— WORK TO COMPLETE —
Please retype the line that contains "Pool Playing Aim" and all lines that follow it to the end of the entries below, exactly as they stand, with nothing added.

— EXERCISE INPUTS —
══════
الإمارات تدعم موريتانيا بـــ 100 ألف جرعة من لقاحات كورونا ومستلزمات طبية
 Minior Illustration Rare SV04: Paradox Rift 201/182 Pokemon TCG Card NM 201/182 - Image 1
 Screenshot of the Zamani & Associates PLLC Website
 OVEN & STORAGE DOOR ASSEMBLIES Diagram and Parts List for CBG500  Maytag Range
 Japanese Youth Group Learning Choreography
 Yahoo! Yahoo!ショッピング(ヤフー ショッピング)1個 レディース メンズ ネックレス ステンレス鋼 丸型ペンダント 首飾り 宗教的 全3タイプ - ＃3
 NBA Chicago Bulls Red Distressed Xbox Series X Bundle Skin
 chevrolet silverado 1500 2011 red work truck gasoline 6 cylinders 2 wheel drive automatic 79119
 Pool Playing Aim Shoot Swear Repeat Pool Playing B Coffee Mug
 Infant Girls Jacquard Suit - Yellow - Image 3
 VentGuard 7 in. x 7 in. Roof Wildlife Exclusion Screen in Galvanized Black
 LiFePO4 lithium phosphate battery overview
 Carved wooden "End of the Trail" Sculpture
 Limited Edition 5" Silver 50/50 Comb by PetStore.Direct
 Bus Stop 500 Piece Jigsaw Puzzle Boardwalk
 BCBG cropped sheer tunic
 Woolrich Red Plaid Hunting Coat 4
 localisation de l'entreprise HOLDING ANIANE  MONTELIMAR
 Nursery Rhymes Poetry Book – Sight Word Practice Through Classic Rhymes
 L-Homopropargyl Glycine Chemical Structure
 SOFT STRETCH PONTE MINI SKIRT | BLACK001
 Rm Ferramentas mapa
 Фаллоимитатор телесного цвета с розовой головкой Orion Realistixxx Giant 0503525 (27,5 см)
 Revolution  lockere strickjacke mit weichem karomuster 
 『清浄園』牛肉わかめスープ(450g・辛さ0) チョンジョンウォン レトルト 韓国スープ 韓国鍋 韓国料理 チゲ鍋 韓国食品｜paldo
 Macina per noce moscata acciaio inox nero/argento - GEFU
══════
— RESPONSE TO THE TASK —
 Pool Playing Aim Shoot Swear Repeat Pool Playing B Coffee Mug
 Infant Girls Jacquard Suit - Yellow - Image 3
 VentGuard 7 in. x 7 in. Roof Wildlife Exclusion Screen in Galvanized Black
 LiFePO4 lithium phosphate battery overview
 Carved wooden "End of the Trail" Sculpture
 Limited Edition 5" Silver 50/50 Comb by PetStore.Direct
 Bus Stop 500 Piece Jigsaw Puzzle Boardwalk
 BCBG cropped sheer tunic
 Woolrich Red Plaid Hunting Coat 4
 localisation de l'entreprise HOLDING ANIANE  MONTELIMAR
 Nursery Rhymes Poetry Book – Sight Word Practice Through Classic Rhymes
 L-Homopropargyl Glycine Chemical Structure
 SOFT STRETCH PONTE MINI SKIRT | BLACK001
 Rm Ferramentas mapa
 Фаллоимитатор телесного цвета с розовой головкой Orion Realistixxx Giant 0503525 (27,5 см)
 Revolution  lockere strickjacke mit weichem karomuster 
 『清浄園』牛肉わかめスープ(450g・辛さ0) チョンジョンウォン レトルト 韓国スープ 韓国鍋 韓国料理 チゲ鍋 韓国食品｜paldo
 Macina per noce moscata acciaio inox nero/argento - GEFU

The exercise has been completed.